While cultural neuroscience has mostly shown how culture shapes biology, researchers are also beginning to examine how biology shapes culture.
Northwestern University’s Joan Chiao, PhD, for example, has found that people who live in collectivist cultures are more likely than those in individualistic cultures to have a form of the serotonin transporter gene — the S-allele — that correlates with higher rates of negative affect, anxiety and depression.
In contrast to what you might expect from the genes alone, she also found that people from collectivist societies are less likely to be depressed. This suggests that collectivism, which tends to produce lower levels of negative affect, may have co-evolved with the S-allele, says Chiao, who published her findings in the Proceedings of the Royal Society of Biological Science (Vol. 277, No. 1,681). In other words, she explains, societies of people with the S-allele developed a collectivist culture that reduced stress and, therefore, risk of depression by emphasizing social harmony and social support.

“Culture may make us rethink the role of this serotonin transporter physiology,” says University of Michigan neuroscientist Israel Liberzon, MD. “If it’s very common in East Asian groups, but the prevalence of depression is not higher, it somehow interacts with their lives differently.”

Developing standards

While such neuroscience findings are great headline fodder, the field must move forward with rigor and caution, says Stanford University’s Markus, who is a pioneer of cultural psychology. It’s not enough, she says, simply to scan the brains of people from different “cultures” — defined by language, nationality or ethnicity — and make assumptions about cognitive or perceptual differences. By themselves, these are meaningless categories, she adds.

“To make progress in our understanding of how cultures shape brains and brains shape culture,” she says, “we need to know what psychological and behavioral tendencies are associated with these social categories and how these tendencies are linked to brain function.”

Chiao learned this lesson while conducting an fMRI study, published last year in Human Brain Mapping (Vol. 30, No. 9).
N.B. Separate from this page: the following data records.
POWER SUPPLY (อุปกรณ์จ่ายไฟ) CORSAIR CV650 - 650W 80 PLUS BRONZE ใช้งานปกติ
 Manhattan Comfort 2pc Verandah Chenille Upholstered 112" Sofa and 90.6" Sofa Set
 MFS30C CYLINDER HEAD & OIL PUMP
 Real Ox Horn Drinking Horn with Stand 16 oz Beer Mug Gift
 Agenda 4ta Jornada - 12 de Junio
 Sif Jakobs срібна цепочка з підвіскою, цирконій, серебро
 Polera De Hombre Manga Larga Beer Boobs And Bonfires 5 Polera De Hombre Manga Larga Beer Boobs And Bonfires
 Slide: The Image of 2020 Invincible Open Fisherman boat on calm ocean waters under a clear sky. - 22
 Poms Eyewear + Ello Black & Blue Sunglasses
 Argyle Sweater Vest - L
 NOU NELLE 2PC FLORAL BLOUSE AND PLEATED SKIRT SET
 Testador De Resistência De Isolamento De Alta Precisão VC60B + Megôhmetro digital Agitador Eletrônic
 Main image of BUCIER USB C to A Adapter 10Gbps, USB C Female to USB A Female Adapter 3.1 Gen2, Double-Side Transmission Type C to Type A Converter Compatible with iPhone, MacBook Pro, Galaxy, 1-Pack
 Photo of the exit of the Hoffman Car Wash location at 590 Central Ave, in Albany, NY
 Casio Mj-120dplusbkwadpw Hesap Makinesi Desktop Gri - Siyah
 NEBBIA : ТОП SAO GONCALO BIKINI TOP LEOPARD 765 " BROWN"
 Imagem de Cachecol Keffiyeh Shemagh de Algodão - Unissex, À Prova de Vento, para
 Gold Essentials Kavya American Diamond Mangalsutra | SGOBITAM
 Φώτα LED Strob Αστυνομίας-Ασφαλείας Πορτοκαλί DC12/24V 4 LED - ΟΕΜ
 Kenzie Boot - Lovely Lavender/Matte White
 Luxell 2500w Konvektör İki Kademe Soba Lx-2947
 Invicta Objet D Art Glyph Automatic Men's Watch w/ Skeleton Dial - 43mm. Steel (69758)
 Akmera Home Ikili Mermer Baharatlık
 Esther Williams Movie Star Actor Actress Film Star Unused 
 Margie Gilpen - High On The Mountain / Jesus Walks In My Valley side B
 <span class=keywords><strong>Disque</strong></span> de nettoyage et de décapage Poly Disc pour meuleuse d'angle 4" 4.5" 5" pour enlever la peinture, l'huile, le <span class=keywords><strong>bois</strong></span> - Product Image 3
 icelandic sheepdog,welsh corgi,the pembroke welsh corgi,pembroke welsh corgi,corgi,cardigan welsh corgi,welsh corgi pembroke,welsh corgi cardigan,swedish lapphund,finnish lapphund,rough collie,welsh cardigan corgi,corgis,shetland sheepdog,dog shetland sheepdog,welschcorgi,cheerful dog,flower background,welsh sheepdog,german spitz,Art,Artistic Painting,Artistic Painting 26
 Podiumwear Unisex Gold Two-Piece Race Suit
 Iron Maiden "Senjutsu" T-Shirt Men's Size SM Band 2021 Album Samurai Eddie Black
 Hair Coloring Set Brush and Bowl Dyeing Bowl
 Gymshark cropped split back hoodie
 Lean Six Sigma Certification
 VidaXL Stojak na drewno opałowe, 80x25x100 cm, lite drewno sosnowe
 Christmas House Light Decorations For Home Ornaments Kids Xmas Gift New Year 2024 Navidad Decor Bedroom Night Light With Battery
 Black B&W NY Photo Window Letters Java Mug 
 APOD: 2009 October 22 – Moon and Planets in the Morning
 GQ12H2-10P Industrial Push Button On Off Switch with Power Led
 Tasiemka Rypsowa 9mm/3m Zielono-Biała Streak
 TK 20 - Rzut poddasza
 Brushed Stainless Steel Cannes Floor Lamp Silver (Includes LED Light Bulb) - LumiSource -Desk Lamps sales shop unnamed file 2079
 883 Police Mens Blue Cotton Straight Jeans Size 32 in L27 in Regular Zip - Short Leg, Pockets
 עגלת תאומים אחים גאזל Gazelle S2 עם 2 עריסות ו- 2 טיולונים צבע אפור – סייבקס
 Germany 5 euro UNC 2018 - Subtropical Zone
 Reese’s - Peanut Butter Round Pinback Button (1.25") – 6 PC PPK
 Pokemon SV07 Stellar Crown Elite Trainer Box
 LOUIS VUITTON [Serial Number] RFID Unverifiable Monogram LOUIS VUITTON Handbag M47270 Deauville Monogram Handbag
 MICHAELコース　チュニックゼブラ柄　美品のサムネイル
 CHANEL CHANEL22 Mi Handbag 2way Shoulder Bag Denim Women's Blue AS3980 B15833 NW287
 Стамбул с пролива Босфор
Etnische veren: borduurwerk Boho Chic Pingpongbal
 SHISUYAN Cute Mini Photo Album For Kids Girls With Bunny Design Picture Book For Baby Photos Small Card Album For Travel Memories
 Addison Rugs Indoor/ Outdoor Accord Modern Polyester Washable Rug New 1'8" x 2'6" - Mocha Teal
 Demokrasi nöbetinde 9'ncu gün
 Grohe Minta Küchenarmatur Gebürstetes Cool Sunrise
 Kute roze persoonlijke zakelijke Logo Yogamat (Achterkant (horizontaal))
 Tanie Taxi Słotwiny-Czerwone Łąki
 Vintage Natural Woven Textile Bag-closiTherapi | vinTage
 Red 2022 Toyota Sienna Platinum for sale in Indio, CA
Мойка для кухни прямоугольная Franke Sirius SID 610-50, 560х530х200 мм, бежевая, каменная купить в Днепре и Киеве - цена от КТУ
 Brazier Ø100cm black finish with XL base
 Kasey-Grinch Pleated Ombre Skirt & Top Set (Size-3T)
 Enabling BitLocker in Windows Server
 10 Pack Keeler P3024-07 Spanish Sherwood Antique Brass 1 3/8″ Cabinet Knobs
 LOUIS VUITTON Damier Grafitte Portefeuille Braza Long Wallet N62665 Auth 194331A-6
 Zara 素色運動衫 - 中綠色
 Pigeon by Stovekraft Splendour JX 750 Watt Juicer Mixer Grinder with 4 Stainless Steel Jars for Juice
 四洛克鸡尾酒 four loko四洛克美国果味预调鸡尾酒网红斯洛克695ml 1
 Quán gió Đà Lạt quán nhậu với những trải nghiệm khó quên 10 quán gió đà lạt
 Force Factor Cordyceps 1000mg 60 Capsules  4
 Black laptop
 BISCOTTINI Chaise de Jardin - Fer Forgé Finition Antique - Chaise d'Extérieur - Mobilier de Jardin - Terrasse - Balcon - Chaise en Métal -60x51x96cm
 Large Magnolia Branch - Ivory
The study looked at activity in the brain’s medial prefrontal cortex — an area associated with a sense of self — while people from Japan and the United States assessed whether self-descriptive phrases applied to them. The researchers sought to find a biological explanation for past research showing that people from collectivist cultures relate more strongly to contextual self-descriptions, such as “When I’m with my mother, I’m honest.” People from already defined individualistic cultures relate more strongly to general self-descriptions such as “I’m honest.”

When Chiao and her colleagues compared participants along ethnic lines, they saw no difference in brain activity. Differences appeared only after they grouped people based on how strongly they valued collectivism or individualism: Regardless of ethnicity, the medial prefrontal cortex was most active when individualists read general self-descriptions and when collectivists read contextual self-descriptions.

This work demonstrates how variable cultural values can be, even within cultural groups, as people filter information from their environment and form their own self-concepts, says Chiao.

That’s why University of California, Los Angeles, graduate student Elizabeth Losin and colleagues include the need to carefully define culture among eight guidelines for cultural neuroscience research they lay out in a paper published this year in Social Cognitive and Affective Neuroscience (Vol. 5, No. 2–3). They also suggest guidelines on the need to match study participants on how long they’ve been immersed in the culture under study; to ensure that study materials are culturally appropriate; and to consider potential genetic variation within a cultural group that might account for differences in brain development.
In the end, cultural neuroscience could usher in an era of greater understanding between people from different cultures.

“My greatest hope is that it has implications for negotiations between countries; that people on both sides understand that they might not be talking about the same thing even if they’re looking at the same thing,” says Park.